Assessing and determining “scope”
The goal scope of your program should encompass all networks and systems across all geographic locations that are owned by your organization. You will find most individuals scoff at this goal, which is fair. It is a very daunting task to achieve and I would argue a majority of organizations never get near 99% coverage.
This can seem daunting at first, but is necessary to properly ascertain the true risks to the organization. Again, you can de-scope and work outwards after determining what is most important to your organization. Don’t start with systems that don’t matter, start with the systems that hold your most critical data and processes in place. If you already have data classification in place, that is great barometer to show if your priorities align with what the business believes to be the most critical data.
This will vary greatly by organization and there is never a one size fits all solution to this. Without knowledge of the business, you will have a very tough time achieving the full value of the program. This is why partnerships with the different business units is key.
Here are some examples of items that could be included with your scope to give some ideas.

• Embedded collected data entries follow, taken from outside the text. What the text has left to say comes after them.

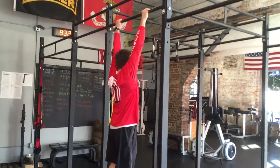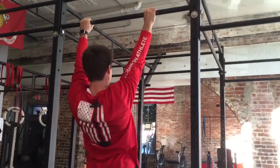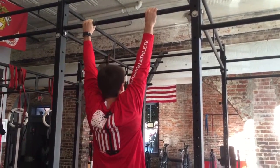Really relax your shoulders, let yourself hang all the way down. And then keeping those elbows straight, just pull those shoulder blades together. Really squeeze, hold it for a second. Let yourself come back down, relax.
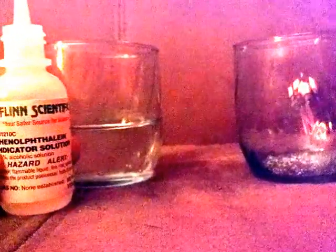We fill this glass with half a cup of water and put 10 drops of this indicator solution — also known as phenolphthalein — in it. So let's go: one, two, three... all right, that is 10. Now we put that away.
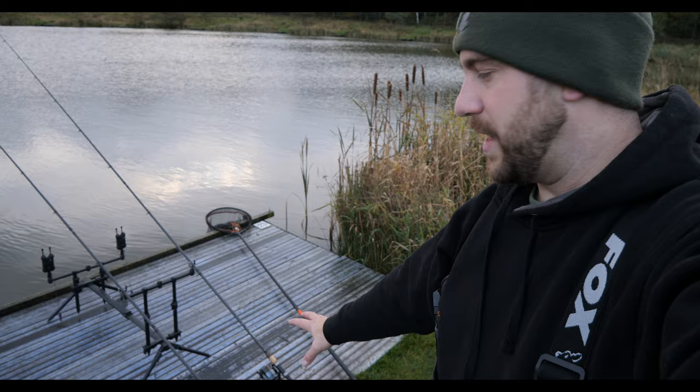Right folks, I'm all set up. Bite alarms are on the rod pod, rods are together, I just need to put my hook links on. I tied a couple up last night. I'm fishing a little bit stronger than I normally would — going for eight pound hook links — because last week I got broke. I'm going to err on the side of caution and scale down if I need to.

This is not a comprehensive or exhaustive list. Try and keep it at a high level and let the procedures and processes address specific sub components. Such as if you have 30 web applications, you may not want to list them all individually here.
- Corporate Networks
- Production
- Development
- Test
- Physical locations
- Headquarters
- Satellite Offices
- Data centers
- Co-location
- Cloud Instances
- Azure
- AWS
- Linode
- Telecommunications
- VOIP
- PBX
- Internal and customer facing apps
- WebApp
- MobileApp
- Third party controlled environments
- Service providers
- Cloud hosting
- Third part developers
- Staff augmentation
Explaining how to approach the program
It is important to lay out expectations for how to use the program document and writing out how to use it.
Define a few things such as if it needs to be reviewed at certain intervals, the goal of the document, and why it is important.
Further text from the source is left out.